Artists who were recently dropped from a competition to create a monument commemorating the War of 1812 say they are surprised that the selection process was changed after they spent months working on their designs and that the government, and not a jury of experts, will choose the ultimate winner.
As part of its year-long observance of the war’s bicentenary, the Conservative government decided to commission a statue for Parliament Hill and, on Dec. 14, the National Capital Commission announced that a jury of experts had narrowed the field of 34 submissions down to six.
The commission also said at that time that models created by the six finalists would be exhibited for public input on March 7 in what is known in the art world as a vernissage.
But, shortly before that viewing was to take place, the event was cancelled by the department of Canadian Heritage without explanation.

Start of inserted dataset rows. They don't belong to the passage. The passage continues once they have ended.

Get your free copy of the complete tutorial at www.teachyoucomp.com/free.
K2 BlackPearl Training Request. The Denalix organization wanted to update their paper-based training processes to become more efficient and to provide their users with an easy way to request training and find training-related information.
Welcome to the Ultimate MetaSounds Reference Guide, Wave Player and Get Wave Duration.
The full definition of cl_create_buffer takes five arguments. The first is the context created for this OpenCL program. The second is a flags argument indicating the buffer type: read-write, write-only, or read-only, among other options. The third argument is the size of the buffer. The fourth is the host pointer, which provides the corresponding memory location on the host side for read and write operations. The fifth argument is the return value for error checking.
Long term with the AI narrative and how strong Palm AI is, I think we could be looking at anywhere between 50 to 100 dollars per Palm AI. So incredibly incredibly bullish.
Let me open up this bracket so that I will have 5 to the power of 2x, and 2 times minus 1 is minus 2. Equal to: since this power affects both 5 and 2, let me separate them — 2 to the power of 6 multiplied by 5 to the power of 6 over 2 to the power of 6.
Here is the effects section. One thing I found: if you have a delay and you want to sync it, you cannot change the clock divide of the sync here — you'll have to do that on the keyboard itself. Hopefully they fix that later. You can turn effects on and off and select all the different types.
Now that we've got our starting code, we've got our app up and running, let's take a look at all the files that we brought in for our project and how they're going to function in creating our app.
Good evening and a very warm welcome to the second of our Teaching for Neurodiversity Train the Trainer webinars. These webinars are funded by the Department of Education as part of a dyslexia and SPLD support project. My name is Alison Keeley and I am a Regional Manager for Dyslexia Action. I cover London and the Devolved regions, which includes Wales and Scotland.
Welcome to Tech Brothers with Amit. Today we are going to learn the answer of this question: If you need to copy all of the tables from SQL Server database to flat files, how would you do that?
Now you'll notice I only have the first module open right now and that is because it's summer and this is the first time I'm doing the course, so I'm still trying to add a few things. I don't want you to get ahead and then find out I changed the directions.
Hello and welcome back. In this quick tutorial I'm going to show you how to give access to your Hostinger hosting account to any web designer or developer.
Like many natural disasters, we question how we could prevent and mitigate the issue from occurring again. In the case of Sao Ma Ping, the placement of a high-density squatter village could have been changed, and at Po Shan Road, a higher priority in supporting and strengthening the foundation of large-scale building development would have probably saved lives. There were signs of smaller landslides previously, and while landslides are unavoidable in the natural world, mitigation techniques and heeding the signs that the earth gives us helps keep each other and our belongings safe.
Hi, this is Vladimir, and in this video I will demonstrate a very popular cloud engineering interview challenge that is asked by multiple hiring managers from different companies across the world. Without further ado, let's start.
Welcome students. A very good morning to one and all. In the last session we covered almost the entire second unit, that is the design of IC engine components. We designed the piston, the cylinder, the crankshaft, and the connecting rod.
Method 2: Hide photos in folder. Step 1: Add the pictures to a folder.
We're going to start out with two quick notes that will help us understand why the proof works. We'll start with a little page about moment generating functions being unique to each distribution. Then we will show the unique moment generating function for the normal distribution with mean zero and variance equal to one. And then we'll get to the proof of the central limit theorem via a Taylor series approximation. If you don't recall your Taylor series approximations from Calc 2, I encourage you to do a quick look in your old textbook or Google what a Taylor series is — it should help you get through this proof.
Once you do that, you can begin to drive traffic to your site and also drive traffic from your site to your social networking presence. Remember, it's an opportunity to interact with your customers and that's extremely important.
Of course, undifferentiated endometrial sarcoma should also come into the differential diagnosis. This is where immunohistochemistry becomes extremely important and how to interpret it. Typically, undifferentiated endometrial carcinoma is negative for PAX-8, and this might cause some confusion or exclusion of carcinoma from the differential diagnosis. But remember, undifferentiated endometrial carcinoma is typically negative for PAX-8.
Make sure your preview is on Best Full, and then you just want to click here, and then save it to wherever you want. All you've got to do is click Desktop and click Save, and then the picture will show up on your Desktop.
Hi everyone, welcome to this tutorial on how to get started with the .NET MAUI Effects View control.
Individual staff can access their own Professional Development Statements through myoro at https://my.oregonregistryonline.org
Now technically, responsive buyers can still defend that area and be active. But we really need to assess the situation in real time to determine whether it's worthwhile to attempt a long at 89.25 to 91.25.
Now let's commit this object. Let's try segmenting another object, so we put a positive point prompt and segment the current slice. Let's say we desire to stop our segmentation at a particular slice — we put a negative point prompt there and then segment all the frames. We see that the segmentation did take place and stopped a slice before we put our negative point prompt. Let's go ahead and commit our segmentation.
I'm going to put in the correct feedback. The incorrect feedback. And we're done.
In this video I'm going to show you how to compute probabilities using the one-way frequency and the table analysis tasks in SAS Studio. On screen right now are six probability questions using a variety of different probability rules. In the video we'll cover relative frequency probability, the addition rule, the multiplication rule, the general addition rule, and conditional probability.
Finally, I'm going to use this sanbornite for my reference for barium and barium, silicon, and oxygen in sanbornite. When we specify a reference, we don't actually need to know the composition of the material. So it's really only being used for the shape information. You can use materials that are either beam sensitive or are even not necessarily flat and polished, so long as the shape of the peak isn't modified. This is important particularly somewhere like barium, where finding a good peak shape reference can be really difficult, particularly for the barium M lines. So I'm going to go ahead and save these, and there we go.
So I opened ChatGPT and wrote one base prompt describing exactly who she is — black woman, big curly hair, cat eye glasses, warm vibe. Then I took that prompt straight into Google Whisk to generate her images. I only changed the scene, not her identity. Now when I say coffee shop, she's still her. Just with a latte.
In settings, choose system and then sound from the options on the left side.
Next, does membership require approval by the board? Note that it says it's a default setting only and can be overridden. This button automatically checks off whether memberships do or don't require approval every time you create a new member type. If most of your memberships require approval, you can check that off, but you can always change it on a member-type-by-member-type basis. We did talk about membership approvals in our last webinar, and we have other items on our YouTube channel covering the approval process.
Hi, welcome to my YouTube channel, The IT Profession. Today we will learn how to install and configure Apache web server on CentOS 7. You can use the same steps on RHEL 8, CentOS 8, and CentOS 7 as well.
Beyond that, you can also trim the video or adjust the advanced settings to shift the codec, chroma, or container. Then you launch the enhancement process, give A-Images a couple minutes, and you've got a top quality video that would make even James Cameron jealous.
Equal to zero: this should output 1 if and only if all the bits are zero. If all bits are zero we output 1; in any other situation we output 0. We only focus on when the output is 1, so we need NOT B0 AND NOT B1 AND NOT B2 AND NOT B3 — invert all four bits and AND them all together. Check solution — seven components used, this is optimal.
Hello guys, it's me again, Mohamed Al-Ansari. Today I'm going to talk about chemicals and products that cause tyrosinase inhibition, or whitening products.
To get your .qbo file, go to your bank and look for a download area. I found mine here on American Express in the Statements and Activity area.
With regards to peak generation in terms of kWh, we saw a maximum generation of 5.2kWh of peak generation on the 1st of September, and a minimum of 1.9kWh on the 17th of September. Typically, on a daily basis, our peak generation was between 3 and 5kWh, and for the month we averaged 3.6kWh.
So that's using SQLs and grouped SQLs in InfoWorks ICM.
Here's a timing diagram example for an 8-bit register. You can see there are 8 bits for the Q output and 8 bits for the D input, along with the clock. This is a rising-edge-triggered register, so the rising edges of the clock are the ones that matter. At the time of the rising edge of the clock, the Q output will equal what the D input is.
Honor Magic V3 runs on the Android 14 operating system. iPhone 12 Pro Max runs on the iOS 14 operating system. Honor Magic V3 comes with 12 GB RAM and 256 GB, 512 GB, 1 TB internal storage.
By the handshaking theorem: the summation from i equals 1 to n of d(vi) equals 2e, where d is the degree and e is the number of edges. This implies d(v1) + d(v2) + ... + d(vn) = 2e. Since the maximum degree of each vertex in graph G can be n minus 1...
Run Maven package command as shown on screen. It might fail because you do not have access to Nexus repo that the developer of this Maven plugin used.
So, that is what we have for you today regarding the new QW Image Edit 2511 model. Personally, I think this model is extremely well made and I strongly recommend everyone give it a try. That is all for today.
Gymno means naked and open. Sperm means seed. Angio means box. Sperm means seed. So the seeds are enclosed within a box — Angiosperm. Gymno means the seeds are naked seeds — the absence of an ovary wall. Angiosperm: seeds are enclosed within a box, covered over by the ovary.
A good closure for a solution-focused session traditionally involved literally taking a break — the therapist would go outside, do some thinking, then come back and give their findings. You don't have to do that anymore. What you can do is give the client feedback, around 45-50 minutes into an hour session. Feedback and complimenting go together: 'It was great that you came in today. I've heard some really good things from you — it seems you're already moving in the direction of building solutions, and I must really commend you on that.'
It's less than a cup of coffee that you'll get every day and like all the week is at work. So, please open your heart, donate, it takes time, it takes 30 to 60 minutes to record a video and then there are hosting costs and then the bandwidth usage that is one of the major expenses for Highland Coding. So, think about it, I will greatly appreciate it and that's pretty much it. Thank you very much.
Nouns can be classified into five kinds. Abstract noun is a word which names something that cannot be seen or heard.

And, late last week, four of the six artists were told they were out of the running.
Eldon Garnet, a multidisciplinary artist and a professor at the Ontario College of Art and Design in Toronto, said he was told during a telephone call with an NCC representative last Friday that his concept would no longer be considered for the monument, which will earn its creator $787,000.
“I was surprised that it was that soon,” Mr. Garnet said Tuesday.
Even though the decision to narrow the field to two was made without the promised vernissage, he said his discussion with the NCC led him to believe his work and the that of the other five contenders would be viewed by the public on Wednesday at the NCC offices.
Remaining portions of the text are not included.